This last weekend there was an ICS sponsored trip to Italica in Santiponce on Friday and Cordoba on the Saturday.
Friday was a perfect day in Sevilla. There were no clouds in the sky, it wasn’t scorching hot but warm with a fresh breeze. Everyone caught the bus in Plaza de Armas and got to Santiponce without a hitch.
The Roman Ruins of Italica in Santiponce date back to 206 BC and was the birthplace of the emperors Trajano and Hadrian. As a prosperous municipality of Rome, this city housed an ampitheater, bath houses, as well as several larger homes. Excavations of the site began in the 1700s and continue to this day. Many of the mosaic floors are still intact and show the high level of engineering that the Romans cultivated. The sewer system for example still works and is in great condition. The interesting thing is that they only used gravity for it to function. Some points of interest within the Italica are the Casa de Pajaros, the Public baths and the Amphitheatre. The Amphitheatre has a space in the middle where it can be filled with water and water battles could be reenacted. There is also the Greek version of you must be this tall to get on the ride. On a piece of marble they drew feet / shoes and it is believed that you had to have feel larger than the drawing in order to be allowed inside the amphitheatre which I am such had some brutal and gruesome sights in its heyday. After Italica the whole group stopped off for lunch and had “patatas arrugas” or crinkled potatoes with roasted meat and a salsa native to Santiponce that consisted mainly of olive oil, paprika and garlic.

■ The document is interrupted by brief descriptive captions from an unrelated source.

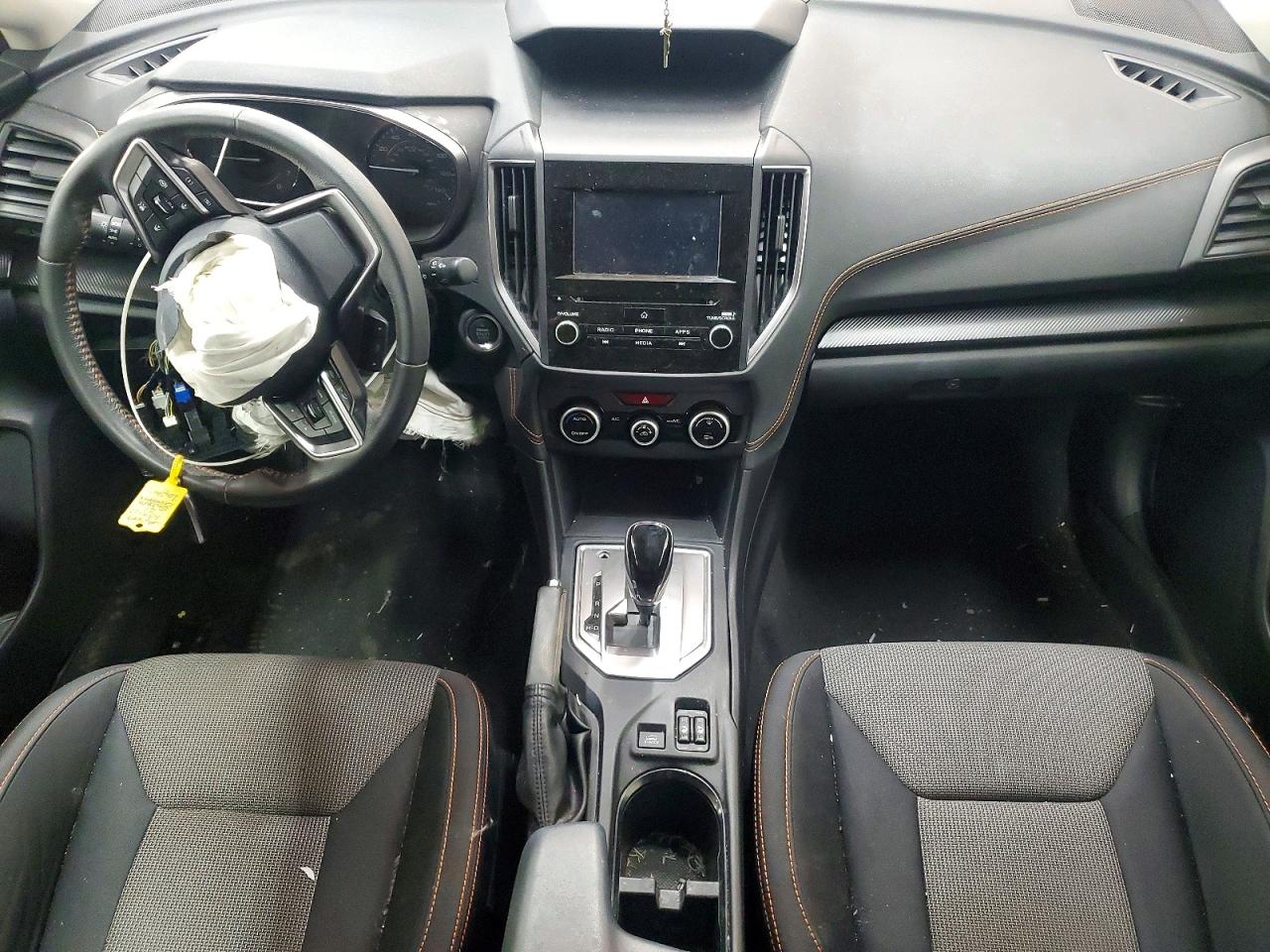 2021 Subaru Crosstrek Premium Синий vin: JF2GTAEC0MH232315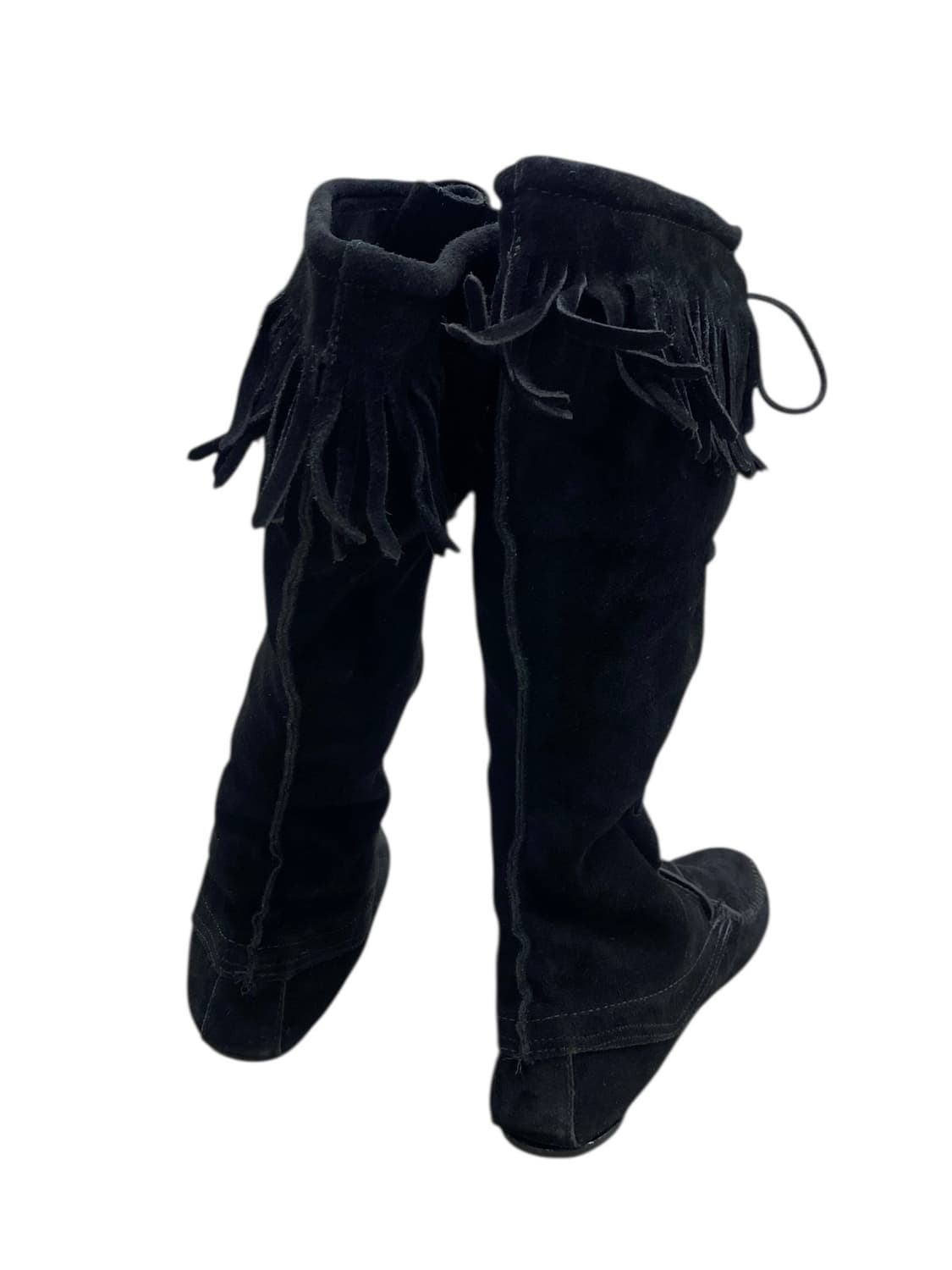 Minnetonka suede long boots 상품이미지3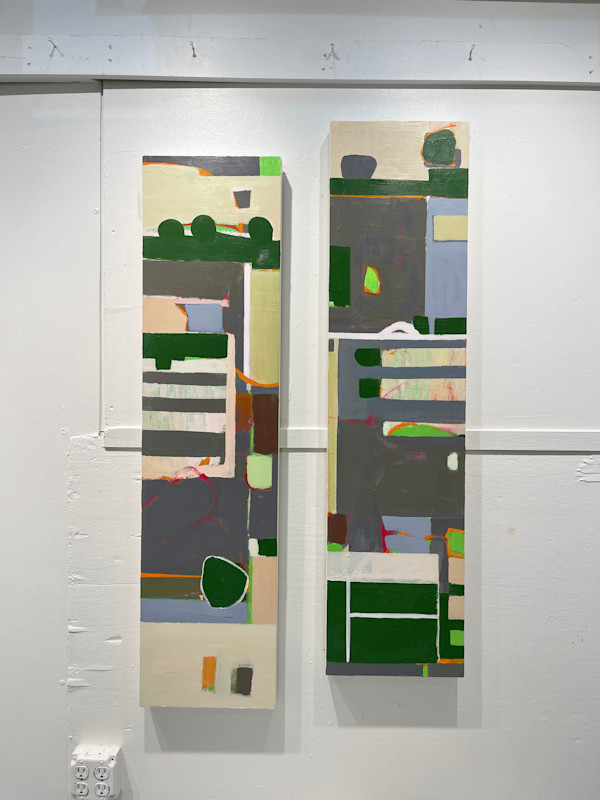 Rooftop Tennis by Kate Zimmer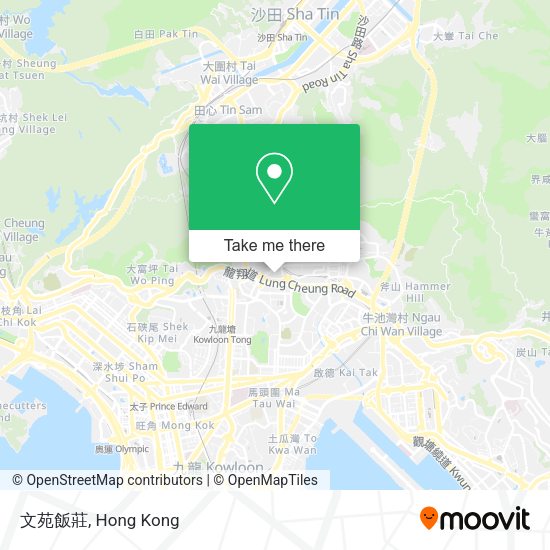 文苑飯莊 map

Santiponce was having the last feria or fair of the season so we walked over to it to explore it. Santiponce is a small town and when we walked in typical Spanish fashion, they just stopped and stared at us. I still haven’t gotten used to that reaction. In the tents they had people dancing Sevillanas a style of Flamenco and me being well me imitated them… and I wasn’t half bad if I do say so myself – lol - . Many ladies in the feria were dressed in typical feria wear – i.e. a flamenco type dress or skirt and top combo and I have every intention of bringing one back with me.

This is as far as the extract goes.